**Aim of the exercise**
Every line below that carries the word "Chapter" needs to be copied.

Records for this exercise below:

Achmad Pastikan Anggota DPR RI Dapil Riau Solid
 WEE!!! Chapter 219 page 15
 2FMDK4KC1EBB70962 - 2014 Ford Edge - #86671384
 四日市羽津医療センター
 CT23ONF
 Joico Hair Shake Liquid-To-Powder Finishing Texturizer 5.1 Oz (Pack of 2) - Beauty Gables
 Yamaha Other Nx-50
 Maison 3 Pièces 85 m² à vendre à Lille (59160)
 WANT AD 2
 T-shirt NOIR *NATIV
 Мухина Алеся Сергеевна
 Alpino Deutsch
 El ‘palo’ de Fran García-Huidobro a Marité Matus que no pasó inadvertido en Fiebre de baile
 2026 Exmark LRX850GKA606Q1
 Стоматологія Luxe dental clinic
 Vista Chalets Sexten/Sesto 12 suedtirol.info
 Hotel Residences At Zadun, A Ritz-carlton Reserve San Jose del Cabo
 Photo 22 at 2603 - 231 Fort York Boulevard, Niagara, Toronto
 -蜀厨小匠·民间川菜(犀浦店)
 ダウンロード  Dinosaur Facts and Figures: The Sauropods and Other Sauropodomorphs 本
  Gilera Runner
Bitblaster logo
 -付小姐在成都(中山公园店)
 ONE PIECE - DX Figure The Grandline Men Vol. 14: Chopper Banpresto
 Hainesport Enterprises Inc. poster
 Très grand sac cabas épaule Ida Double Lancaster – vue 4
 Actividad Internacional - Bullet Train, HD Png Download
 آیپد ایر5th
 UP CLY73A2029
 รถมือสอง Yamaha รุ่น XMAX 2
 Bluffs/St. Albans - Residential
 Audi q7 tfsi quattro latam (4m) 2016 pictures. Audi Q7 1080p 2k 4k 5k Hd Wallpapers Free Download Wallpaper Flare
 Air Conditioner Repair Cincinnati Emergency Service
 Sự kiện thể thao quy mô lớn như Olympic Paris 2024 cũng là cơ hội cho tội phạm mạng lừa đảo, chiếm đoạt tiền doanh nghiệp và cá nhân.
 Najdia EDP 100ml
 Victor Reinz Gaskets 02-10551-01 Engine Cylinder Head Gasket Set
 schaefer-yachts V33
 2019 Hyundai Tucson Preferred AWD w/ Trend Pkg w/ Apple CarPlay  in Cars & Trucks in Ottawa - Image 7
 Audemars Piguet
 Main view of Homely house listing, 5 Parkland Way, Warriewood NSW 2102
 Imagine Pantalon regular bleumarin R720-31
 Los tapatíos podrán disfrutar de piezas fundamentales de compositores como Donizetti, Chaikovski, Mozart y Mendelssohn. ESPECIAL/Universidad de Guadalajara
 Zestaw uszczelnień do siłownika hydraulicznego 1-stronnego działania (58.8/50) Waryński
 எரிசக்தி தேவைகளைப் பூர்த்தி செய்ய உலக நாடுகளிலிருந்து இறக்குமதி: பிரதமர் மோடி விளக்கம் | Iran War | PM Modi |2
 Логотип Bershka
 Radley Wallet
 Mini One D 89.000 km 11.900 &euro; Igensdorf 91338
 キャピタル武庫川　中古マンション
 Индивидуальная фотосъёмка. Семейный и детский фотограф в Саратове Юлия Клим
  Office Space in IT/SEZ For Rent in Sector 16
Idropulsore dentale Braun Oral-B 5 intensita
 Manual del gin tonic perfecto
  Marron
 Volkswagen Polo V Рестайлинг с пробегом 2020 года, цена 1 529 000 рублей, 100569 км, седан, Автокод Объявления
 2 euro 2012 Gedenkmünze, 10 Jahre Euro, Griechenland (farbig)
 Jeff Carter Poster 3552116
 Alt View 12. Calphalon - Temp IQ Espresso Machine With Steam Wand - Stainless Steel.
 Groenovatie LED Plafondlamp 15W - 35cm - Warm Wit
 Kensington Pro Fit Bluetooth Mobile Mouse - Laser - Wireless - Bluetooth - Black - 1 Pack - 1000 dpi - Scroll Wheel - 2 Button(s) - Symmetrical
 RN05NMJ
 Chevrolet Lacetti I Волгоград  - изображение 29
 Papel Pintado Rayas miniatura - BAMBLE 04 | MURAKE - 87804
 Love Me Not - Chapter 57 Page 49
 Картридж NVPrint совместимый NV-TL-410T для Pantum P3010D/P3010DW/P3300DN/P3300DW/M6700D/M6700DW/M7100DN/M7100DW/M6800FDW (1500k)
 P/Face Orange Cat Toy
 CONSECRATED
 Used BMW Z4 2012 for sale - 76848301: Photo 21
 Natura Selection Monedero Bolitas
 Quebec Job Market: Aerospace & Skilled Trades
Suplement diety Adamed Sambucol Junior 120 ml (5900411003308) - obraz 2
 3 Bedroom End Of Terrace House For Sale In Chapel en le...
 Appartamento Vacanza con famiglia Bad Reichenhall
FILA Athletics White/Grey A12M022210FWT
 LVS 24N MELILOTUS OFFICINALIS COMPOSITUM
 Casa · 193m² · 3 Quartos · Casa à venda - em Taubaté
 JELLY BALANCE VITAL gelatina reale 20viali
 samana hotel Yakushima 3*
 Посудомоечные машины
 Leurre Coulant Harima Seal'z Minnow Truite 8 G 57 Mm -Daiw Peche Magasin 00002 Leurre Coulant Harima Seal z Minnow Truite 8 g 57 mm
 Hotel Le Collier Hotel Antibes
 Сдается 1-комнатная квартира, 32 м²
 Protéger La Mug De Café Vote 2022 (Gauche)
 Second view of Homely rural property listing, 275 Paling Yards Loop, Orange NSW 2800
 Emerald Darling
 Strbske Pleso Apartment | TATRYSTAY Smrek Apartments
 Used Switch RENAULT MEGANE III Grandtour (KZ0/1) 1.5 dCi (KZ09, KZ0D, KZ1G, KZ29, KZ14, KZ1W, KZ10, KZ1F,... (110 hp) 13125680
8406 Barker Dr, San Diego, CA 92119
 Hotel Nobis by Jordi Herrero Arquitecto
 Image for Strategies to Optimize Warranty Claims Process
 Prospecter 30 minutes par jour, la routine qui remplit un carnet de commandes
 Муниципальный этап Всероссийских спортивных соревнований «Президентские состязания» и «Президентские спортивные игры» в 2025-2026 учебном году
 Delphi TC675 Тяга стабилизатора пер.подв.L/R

End of Records for this exercise.

**Answer section**
 WEE!!! Chapter 219 page 15
 Love Me Not - Chapter 57 Page 49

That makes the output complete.